Accurate assessment of human exposures to air pollution (e.g. nitrogen dioxide and fine particulate matter) is critical to a wide range of health studies such as modeling the associations between air pollution exposure and  health outcomes (e.g. asthma, premature mortality,  and cancer), evaluating health impacts or disease burdens in different population groups, and determining  environmental  injustices  that  may  be  occurring  with  respect  to  exposures (Brunekreef and Holgate, 2002). Health studies typically assess air pollution exposure by assigning temporally averaged (e.g. annual mean) pollution concentration at people's residential locations (Jerrett et al, 2005). However, air pollution exposure is much more complicated as the exposure process is determined by the interaction of two geographic processes: air pollution concentration and people's activity patterns, both vary in space and time in highly complex ways (e.g., Kwan, 2000, 2004). In general, as air pollution sources are closely associated  with particular types of productive activities (e.g., manufacturing) and traffic, exposure tends to be low during the night when people stay at home. In contrast, peak exposure to air pollution occurs in the daytime when people are at work or making journeys to and from them (Briggs, 2005).
 
Consequently, air pollution exposures of different individuals exhibit significant spatial-temporal variability; and the static exposure assessment in past studies ignores the temporal dimension of both pollution concentration and people's daily activity-travel patterns and thus can result in substantial errors in exposure estimation. To quantify air pollution exposure more accurately, it is important to take the temporal variation of both air pollution concentration and people's mobility into consideration (Briggs, 2005; Hoek et al, 2008).
 
To date, there have been very limited efforts in exposure assessment that take into account the complex interaction between the temporal variation of air pollution concentration and people's activity patterns. One exception is the studies by Gulliver and Briggs (2005 and 2007) who analyzed journey-time exposures in two urban areas in the United Kingdom. However, air pollution exposure assessment based on people's detailed activity patterns has rarely been done to the best of our knowledge.
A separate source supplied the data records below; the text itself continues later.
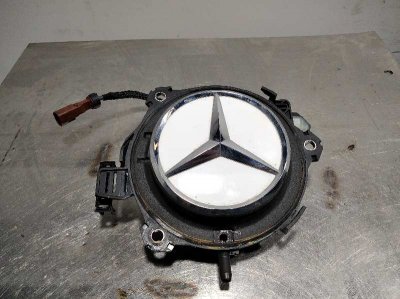 MANETA EXTERIOR PORTON MERCEDES-BENZ CLA 180 *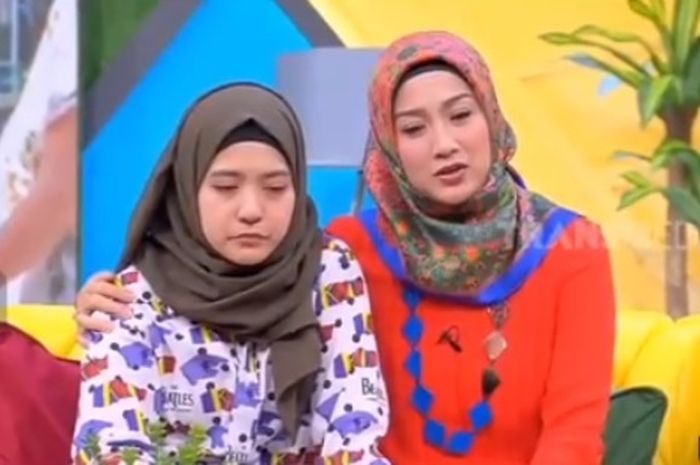 Berderai Air Mata, Desy Ratnasari Kerap Disebut Berlaku bak Ibu Tiri
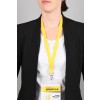 Immagine di una persona che indossa un blazer nero con una maglietta bianca. Ha un distintivo appeso con un laccio giallo al collo, visibile nella parte anteriore. Il distintivo riporta il nome 'Julie Millet' e il termine 'Expo Sportive'.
The main purpose of the proposed project is to improve air pollution exposure assessment by integrating the spatial-temporal dynamics of pollution concentration and detailed space-time activity patterns of individuals. Specifically, we  focus on the assessment of  exposure  to fine  particulate matter, PM2.5 (i.e. all  particulate matter  2.5 microns or less) in Franklin County, Ohio. This is based on two considerations: (1) PM 2.5 has strong spatial-temporal variability and has been related to a wide variety of health effects (e.g. Pope et al, 2002); and (2) the availability of a detailed activity-travel diary dataset collected in the study area (NuStats 2000).
 
Objectives
 
This project has the following three objectives:
1)  To estimate the spatial-temporal variability of PM2.5 concentration in Franklin County by developing a land use regression model that incorporates a temporal component;
2)  To assess people's exposures to PM2.5 by integrating the spatial-temporal dynamics of PM2.5 concentration with detailed space-time activity patterns of individuals in Franklin County; and
3)  To   understand   the   variation   in   exposure   with   respect to people's demographic characteristics and the particular land use context of the study area.
 

Publications resulting from this seed grant

Chapters in Edited Volumes

2015   Kwan, M.P., D. Liu, and J. Vogliano. Assessing dynamic exposure to air pollution. In Space-Time Integration in Geography and GIScience: Research Frontiers in the US and China. Mei-Po Kwan, Douglas Richardson, Donggen Wang and Chenghu Zhou (eds). Dordrecht: Springer.